Exercise instructions:
Once you find the line with "7 Rahopara Street Castor Bay_8" in the entries below, print it and each line after it up to and including the line with "YASHICA 44 TLR", exactly, without pictures.

── Input

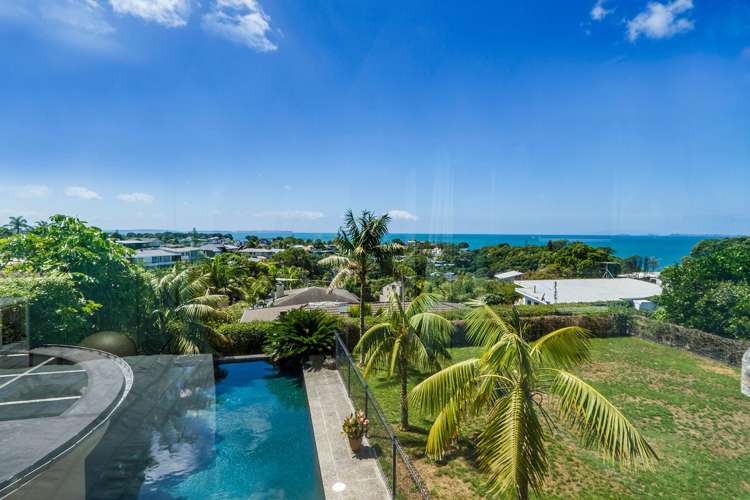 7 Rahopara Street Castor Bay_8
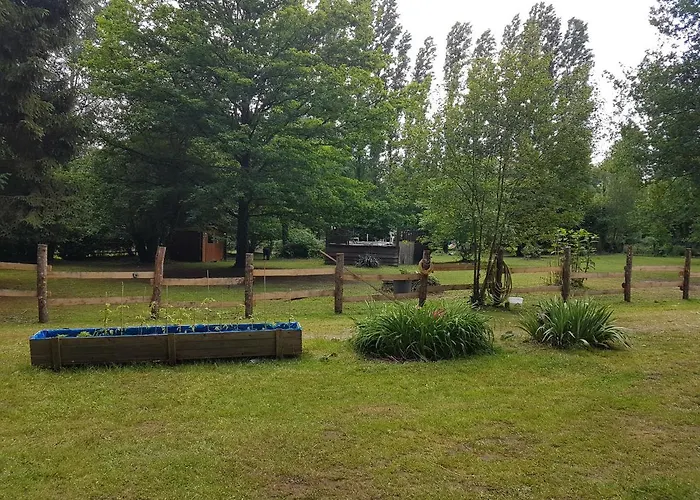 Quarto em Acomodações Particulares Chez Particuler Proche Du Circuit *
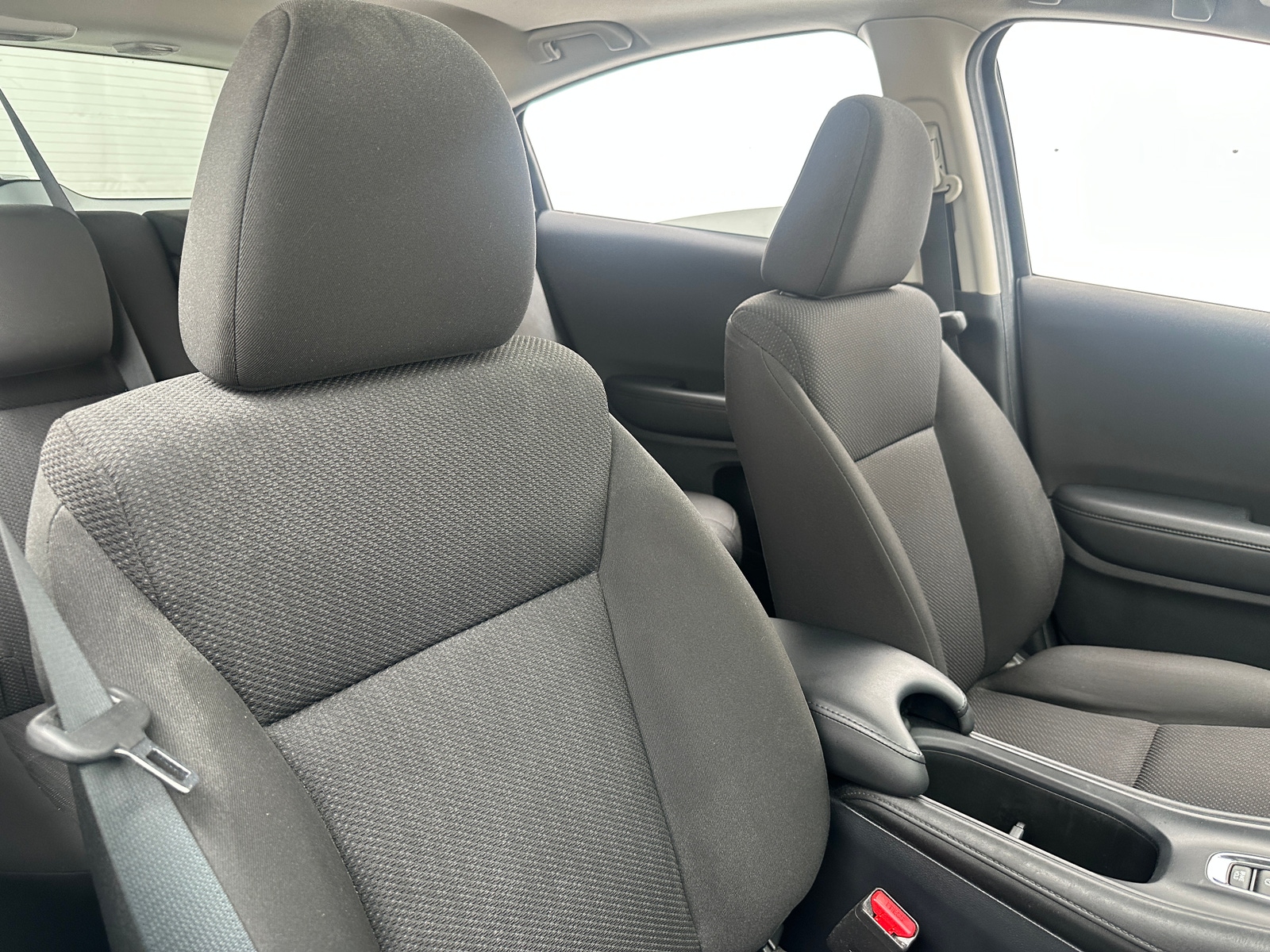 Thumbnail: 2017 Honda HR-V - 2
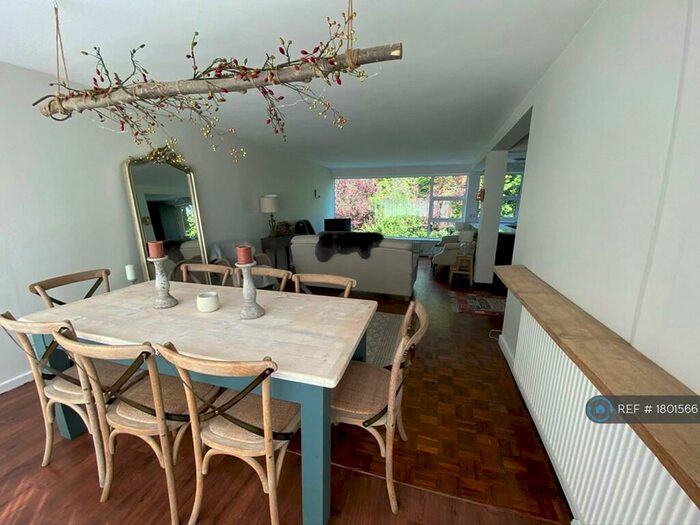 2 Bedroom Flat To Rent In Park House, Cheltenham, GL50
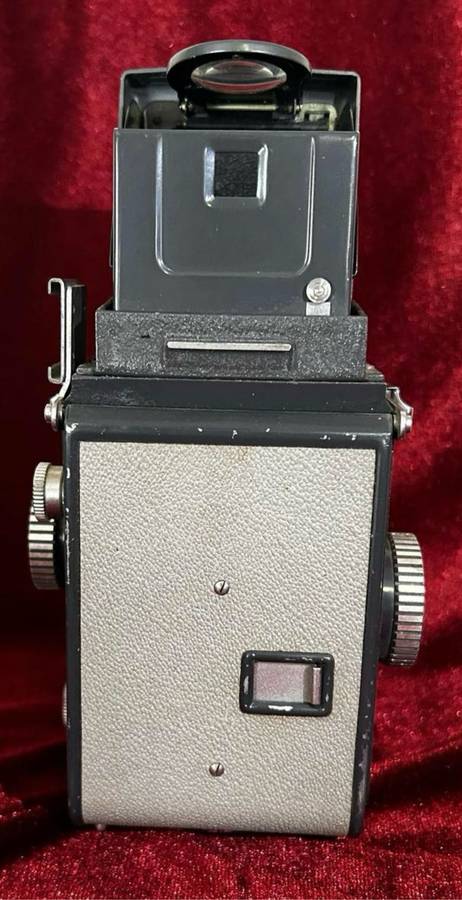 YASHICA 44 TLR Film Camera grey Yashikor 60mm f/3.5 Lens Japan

────
── Input

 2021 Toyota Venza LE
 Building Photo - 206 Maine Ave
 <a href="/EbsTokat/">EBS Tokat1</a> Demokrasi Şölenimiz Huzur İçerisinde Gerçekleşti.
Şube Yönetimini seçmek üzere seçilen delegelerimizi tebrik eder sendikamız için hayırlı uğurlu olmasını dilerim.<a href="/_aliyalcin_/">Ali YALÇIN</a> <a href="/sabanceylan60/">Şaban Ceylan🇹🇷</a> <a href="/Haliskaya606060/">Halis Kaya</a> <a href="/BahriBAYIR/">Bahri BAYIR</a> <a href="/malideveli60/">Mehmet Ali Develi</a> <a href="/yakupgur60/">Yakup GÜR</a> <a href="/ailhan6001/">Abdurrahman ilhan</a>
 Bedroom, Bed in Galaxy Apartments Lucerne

────

Written response:
 7 Rahopara Street Castor Bay_8
 Quarto em Acomodações Particulares Chez Particuler Proche Du Circuit *
 Thumbnail: 2017 Honda HR-V - 2
 2 Bedroom Flat To Rent In Park House, Cheltenham, GL50
 YASHICA 44 TLR Film Camera grey Yashikor 60mm f/3.5 Lens Japan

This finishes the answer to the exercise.